■ **Supplied information**
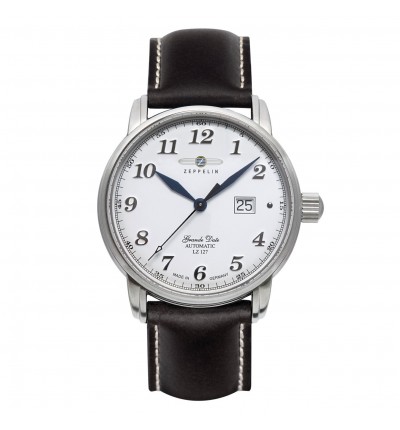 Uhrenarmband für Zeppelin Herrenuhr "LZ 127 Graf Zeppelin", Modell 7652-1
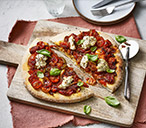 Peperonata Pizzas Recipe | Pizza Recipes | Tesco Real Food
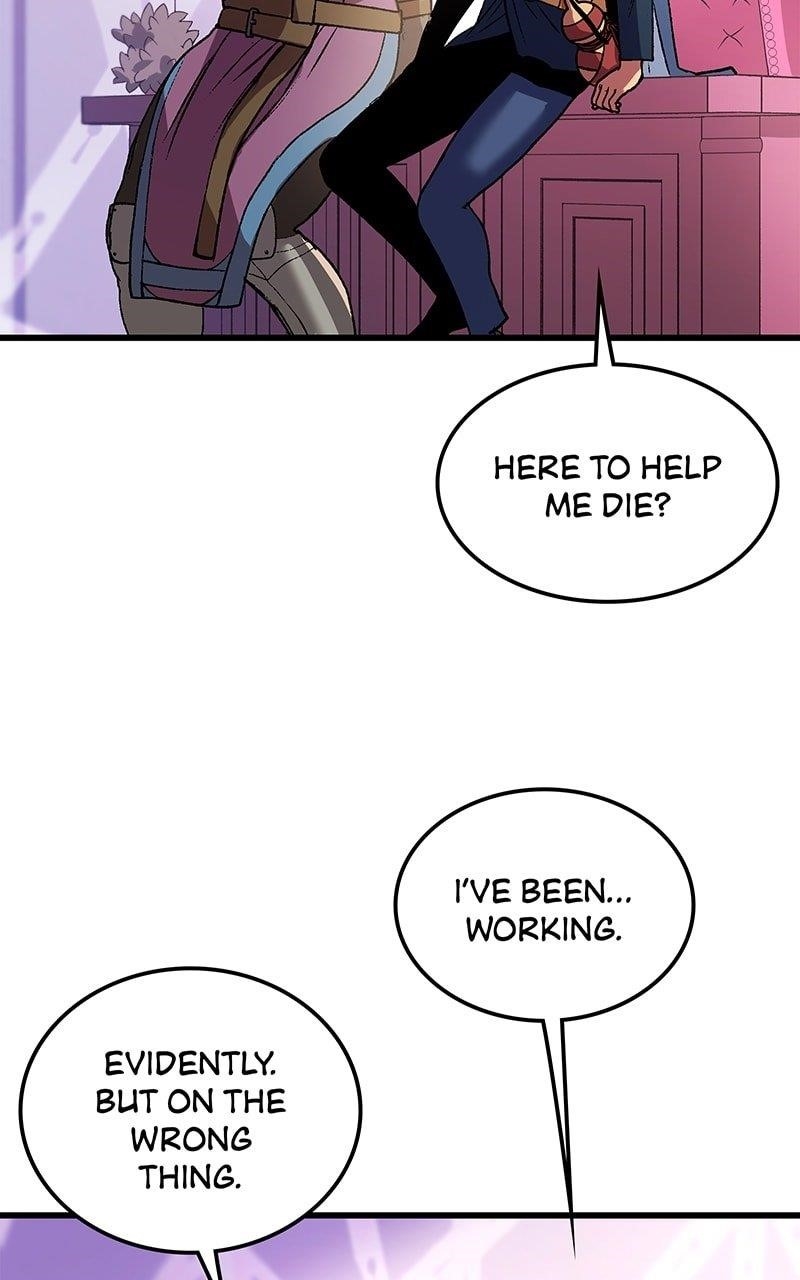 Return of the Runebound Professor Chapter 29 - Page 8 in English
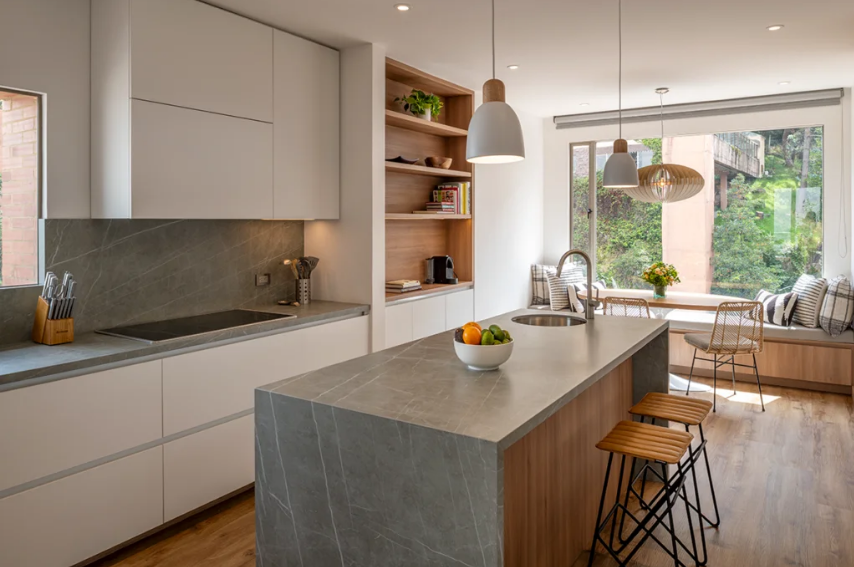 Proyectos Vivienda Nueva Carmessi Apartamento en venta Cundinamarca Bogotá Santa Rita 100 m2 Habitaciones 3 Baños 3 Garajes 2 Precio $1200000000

■ **Your goal**
Everything from the line that contains "Peperonata Pizzas Recipe" to the final line of the data is to be duplicated exactly, both ends included, except the pictures.

■ **Answer to this task**
 Peperonata Pizzas Recipe | Pizza Recipes | Tesco Real Food
 Return of the Runebound Professor Chapter 29 - Page 8 in English
 Proyectos Vivienda Nueva Carmessi Apartamento en venta Cundinamarca Bogotá Santa Rita 100 m2 Habitaciones 3 Baños 3 Garajes 2 Precio $1200000000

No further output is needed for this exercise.